Table 2 Fault detection technologies
Technology |
Introduction |
Reference |
CFD |
Connectivity Fault Detection (CFD), which conforms to IEEE 802.1ag Connectivity Fault Management (CFM) and ITU-T Y.1731, is an end-to-end per-VLAN link layer Operations, Administration and Maintenance (OAM) mechanism used for link connectivity detection, fault verification, and fault location. |
CFD configuration in the High Availability Configuration Guide |
DLDP |
The Device link detection protocol (DLDP) deals with unidirectional links that may occur in a network. On detecting a unidirectional link, DLDP, as configured, can shut down the related port automatically or prompt users to take actions to avoid network problems. |
DLDP configuration in the High Availability Configuration Guide |
Ethernet OAM |
As a tool monitoring Layer 2 link status, Ethernet OAM is mainly used to address common link-related issues on the “last mile”. You can monitor the status of the point-to-point link between two directly connected devices by enabling Ethernet OAM on them. |
Ethernet OAM configuration in the High Availability Configuration Guide |
NQA |
Network Quality Analyzer (NQA) analyzes network performance, services and service quality through sending test packets, and provides you with network performance and service quality parameters such as jitter, TCP connection delay, FTP connection delay and file transfer rate. |
NQA configuration in the Network Management and Monitoring Configuration Guide |
Protection switchover technologies
Protection switchover technologies aim at recovering network faults. They back up hardware, link, routing, and service information for switchover in case of network faults to ensure continuity of network services. For more information about protection switchover technologies, see Table 3.

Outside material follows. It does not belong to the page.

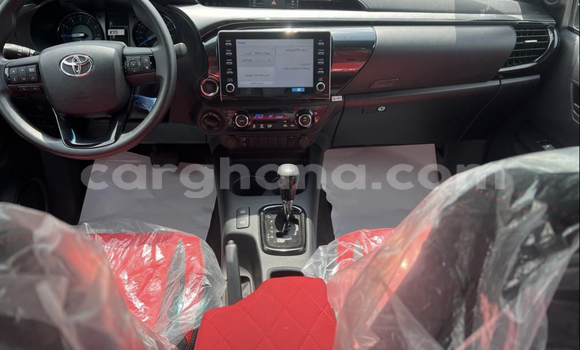 Sayi Na hannu Toyota Hilux Black Mota in Accra a Greater Accra Sayi Na hannu Toyota Hilux Black Mota in Accra a Greater Accra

Table 3 Protection switchover technologies
Technology |
Introduction |
Reference |
Ethernet Link Aggregation |
Ethernet link aggregation, most often simply called link aggregation, aggregates multiple physical Ethernet links into one logical link to increase link bandwidth beyond the limits of any one single link. This logical link is an aggregate link. It allows for link redundancy because the member physical links can dynamically back up one another. |
Ethernet ink aggregation configuration in the Layer 2 – LAN Switching Configuration Guide |
Smart Link |
Smart Link is a feature developed to address the slow convergence issue with STP. It provides link redundancy as well as fast convergence in a dual uplink network, allowing the backup link to take over quickly when the primary link fails. |
Smart link configuration in the High Availability Configuration Guide |
MSTP |
As a Layer 2 management protocol, the Multiple Spanning Tree Protocol (MSTP) eliminates Layer 2 loops by selectively blocking redundant links in a network, and in the mean time, allows for link redundancy. |
Spanning tree configuration in the Layer 2 – LAN Switching Configuration Guide |
A single availability technology cannot solve all problems. Therefore, a combination of availability technologies, chosen on the basis of detailed analysis of network environments and user requirements, should be used to enhance network availability. For example, access-layer devices should be connected to distribution-layer devices over redundant links, and core-layer devices should be fully meshed. Also, network availability should be considered during planning prior to building a network.